Moore was among the many who lost homes.
Greg and Terri Hill evacuated their Redding home of 18 years Thursday night with little more than medications, photo albums, clothes and firearms, assuming they'd be back home in a few days.
They returned Friday to find little more than ash.
"It's pretty emotional," Terri Hill said. "But we'll make new memories and get new stuff.
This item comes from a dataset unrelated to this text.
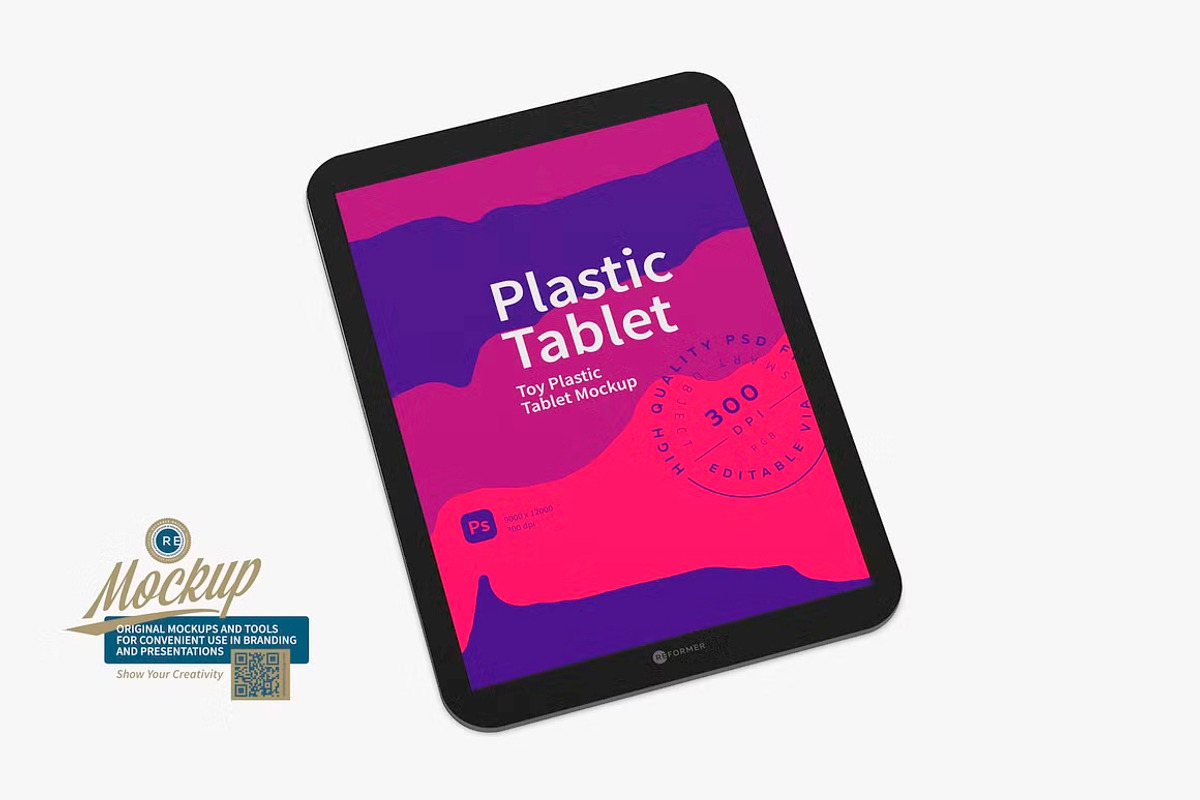 Plastic Tablet Mockup, an iPad Mockup by Reformer Mockup (Photo 1 of 6)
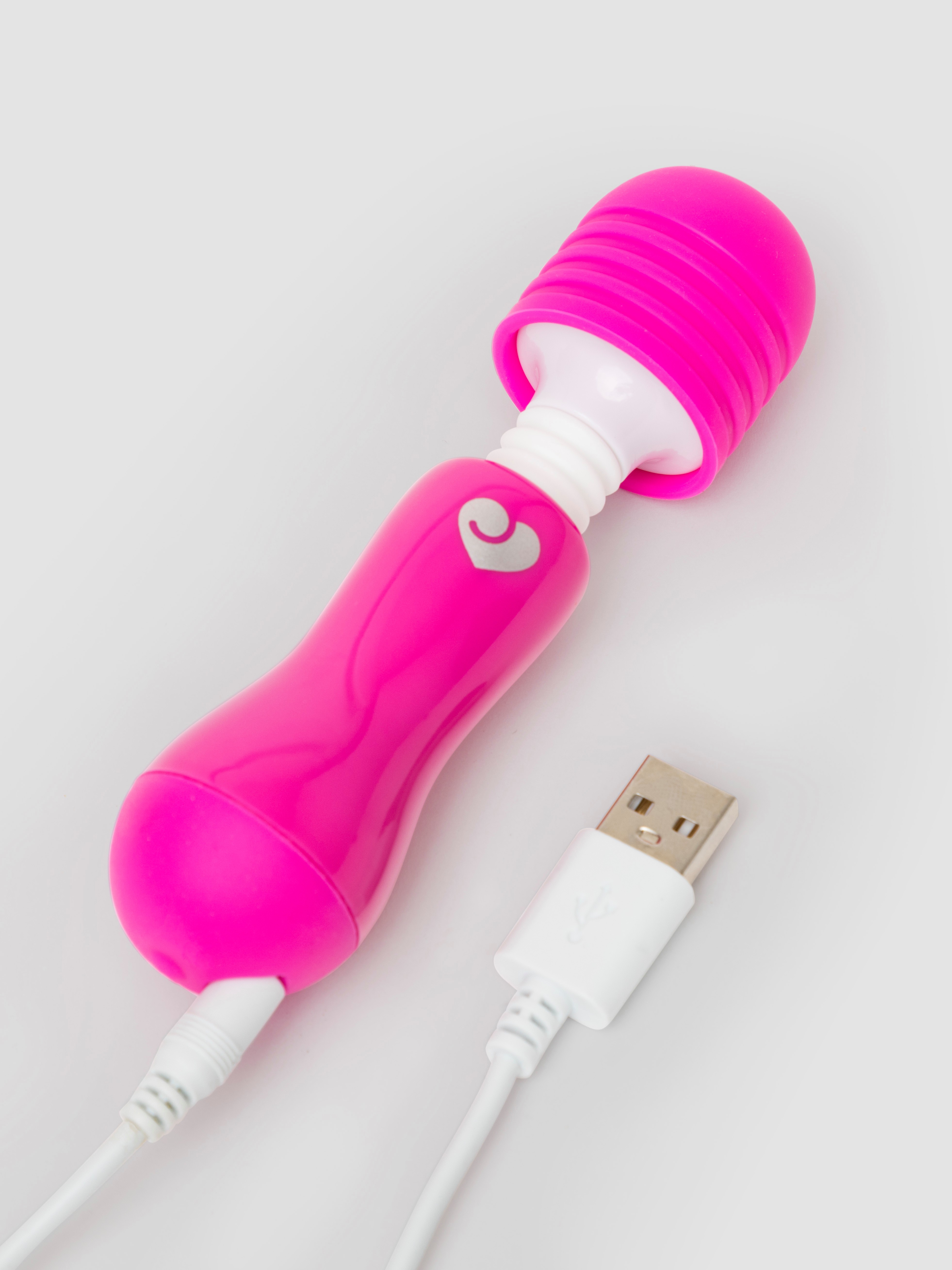 Lovehoney Atomic Wand Mini Wand Vibrator, Pink, hi-res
Everybody's safe."
The Carr Fire wiped out forest around much of Whiskeytown Lake, burning dozens of boats docked at a marina and then swept through the historic Gold Rush-era town of Shasta and destroyed nearly all of Keswick, a hamlet just west of Redding.
The fire blew across the Sacramento River and burned a path to the property where Melody Bledsoe was living with her great-grandchildren.
Bledsoe's husband, Ed, who had the couple's only car, had gone to buy supplies before any evacuation order was issued, family members said.
His great-grandson phoned him at the store to say the flames were approaching and "we need your help," according to Jason Decker, who is dating one of Bledsoe's granddaughters.
Bledsoe rushed home, but was turned back by police because the fire was raging. He spent Friday searching in vain for the three at shelters while Decker's girlfriend posted desperate messages on social media for any help locating them.
Decker took his motorcycle up to view the property and found smouldering ruins too hot to enter.
"It looked like a war zone," he said. "I couldn't smell death in the air, which is good."
While he discussed the worst-case scenario of the three staying put as the flames closed in, Decker held out some hope Saturday morning until he got the word they were dreading.
"We got horrible news. I have to go," he said and hung up.